[[ DATA BLOCK, beginning ]]

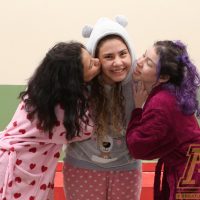 IMG_4911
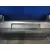 Paragolpes Trasero para Volkswagen Golf V (1K1)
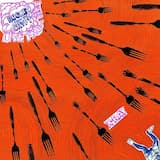 Dumb, Blind and Horny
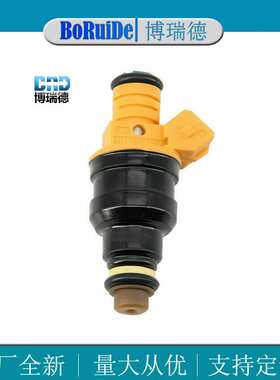 现货0280150718 喷油嘴 适用于 福特F150 F250 F350 E150 E350 4.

[[ DATA BLOCK, end ]]

**TASK OBJECTIVE**
Output the full listing verbatim, but drop the images.

**ANSWER FOR THE TASK**
 IMG_4911
 Paragolpes Trasero para Volkswagen Golf V (1K1)
 Dumb, Blind and Horny
 现货0280150718 喷油嘴 适用于 福特F150 F250 F350 E150 E350 4.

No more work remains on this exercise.